▶ [About this exercise]: Each entry below must come back exactly as written, without its pictures.
Excerpted data section start
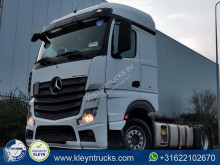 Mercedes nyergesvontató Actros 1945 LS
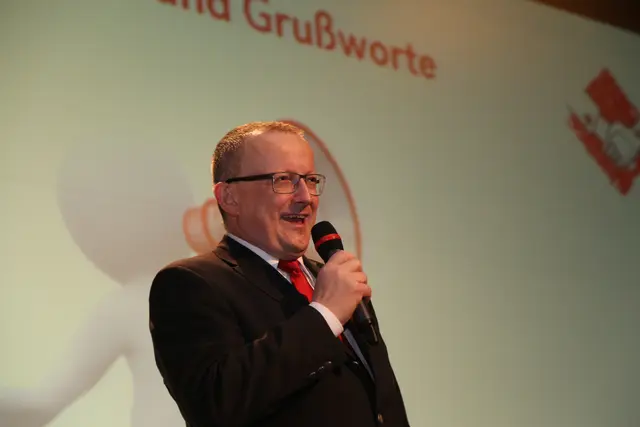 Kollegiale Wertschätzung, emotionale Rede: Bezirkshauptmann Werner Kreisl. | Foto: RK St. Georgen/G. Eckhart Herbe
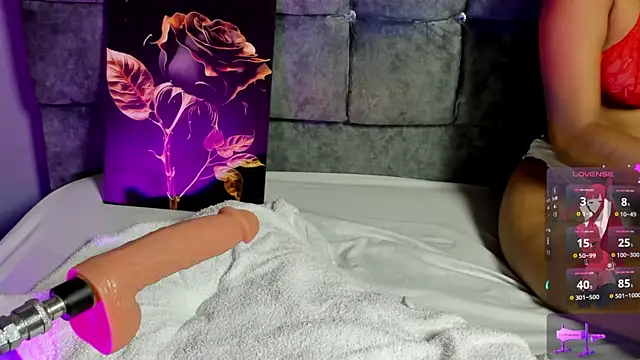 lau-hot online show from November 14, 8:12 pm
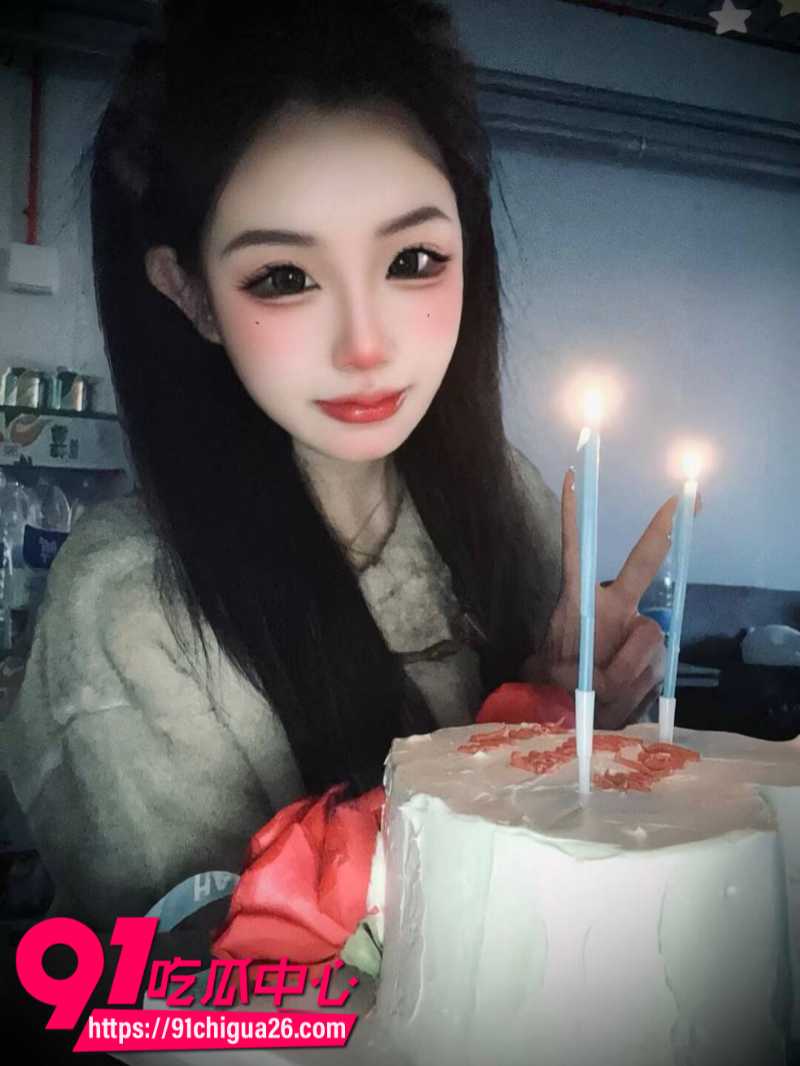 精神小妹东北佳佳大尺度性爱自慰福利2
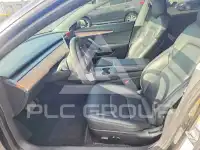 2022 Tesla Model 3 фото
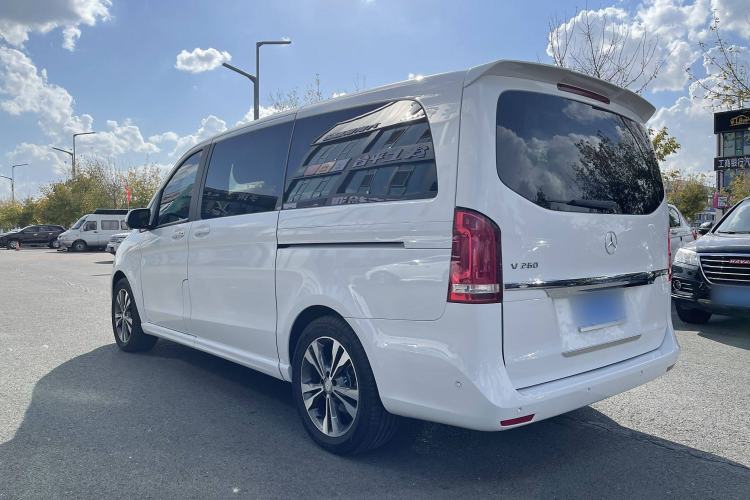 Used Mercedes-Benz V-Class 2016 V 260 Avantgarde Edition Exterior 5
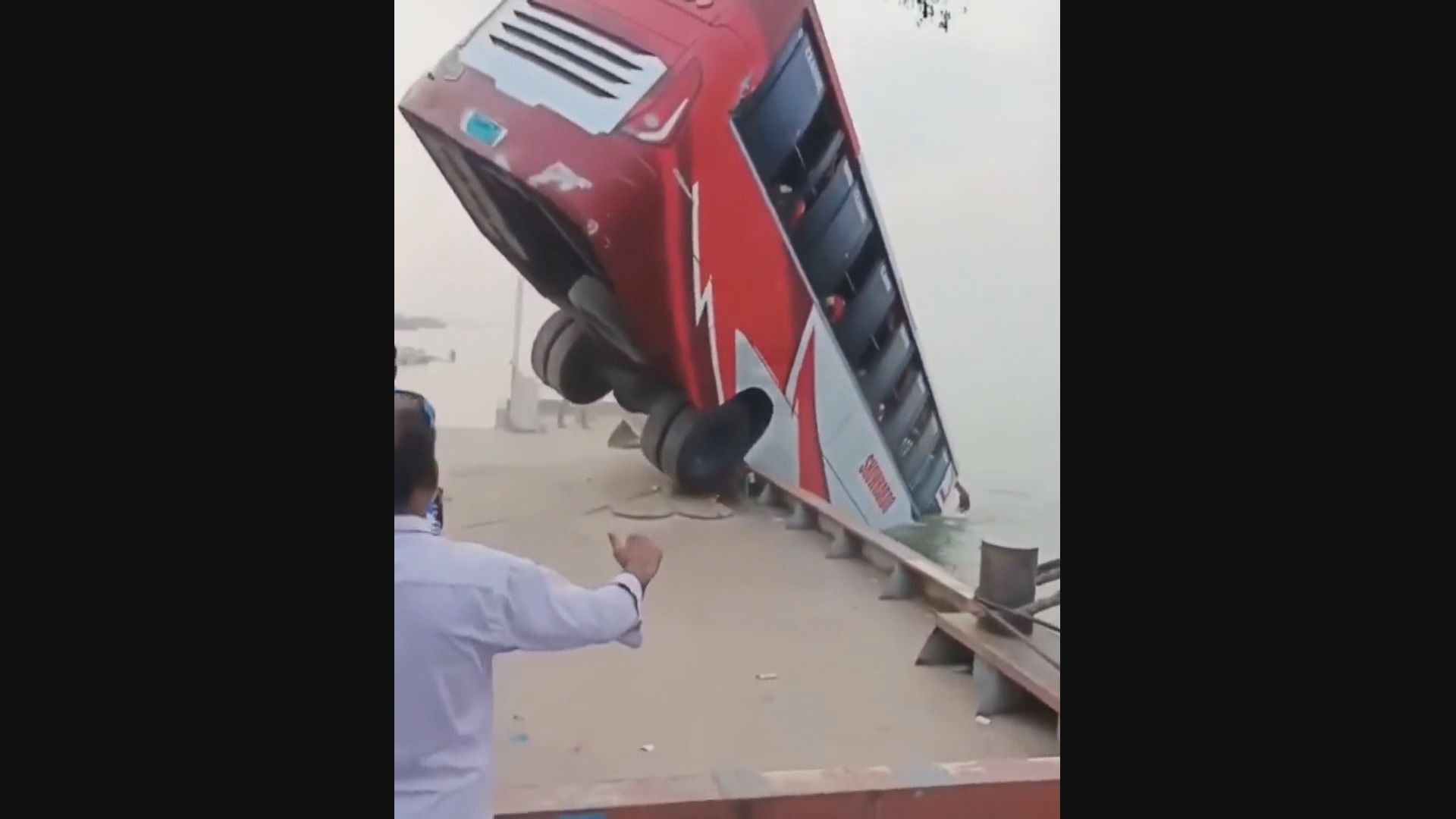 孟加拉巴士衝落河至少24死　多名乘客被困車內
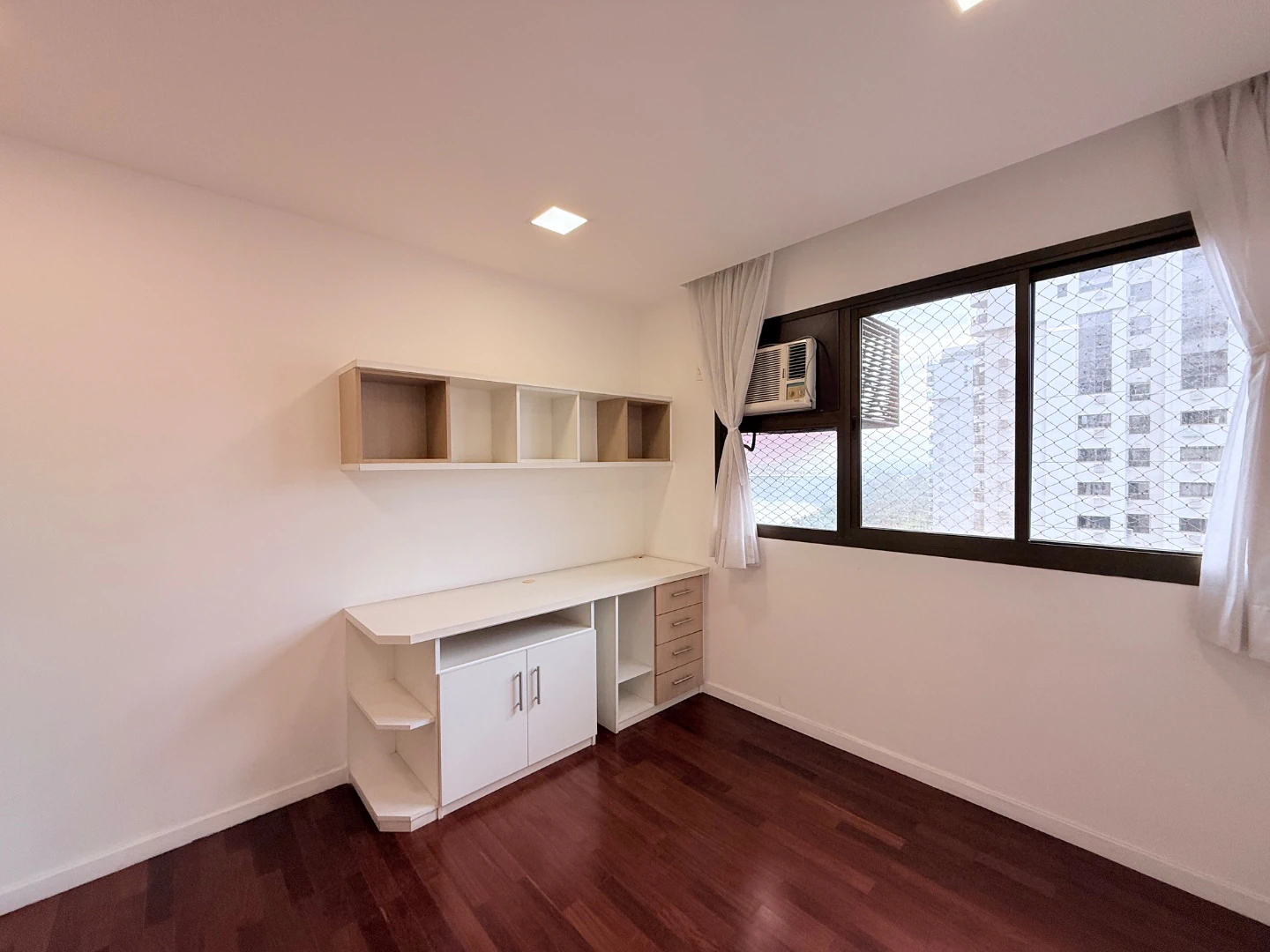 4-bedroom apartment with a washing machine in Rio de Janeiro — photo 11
Excerpted data section end
▶ [Expected answer]:
 Mercedes nyergesvontató Actros 1945 LS
 Kollegiale Wertschätzung, emotionale Rede: Bezirkshauptmann Werner Kreisl. | Foto: RK St. Georgen/G. Eckhart Herbe
 lau-hot online show from November 14, 8:12 pm
 精神小妹东北佳佳大尺度性爱自慰福利2
 2022 Tesla Model 3 фото
 Used Mercedes-Benz V-Class 2016 V 260 Avantgarde Edition Exterior 5
 孟加拉巴士衝落河至少24死　多名乘客被困車內
 4-bedroom apartment with a washing machine in Rio de Janeiro — photo 11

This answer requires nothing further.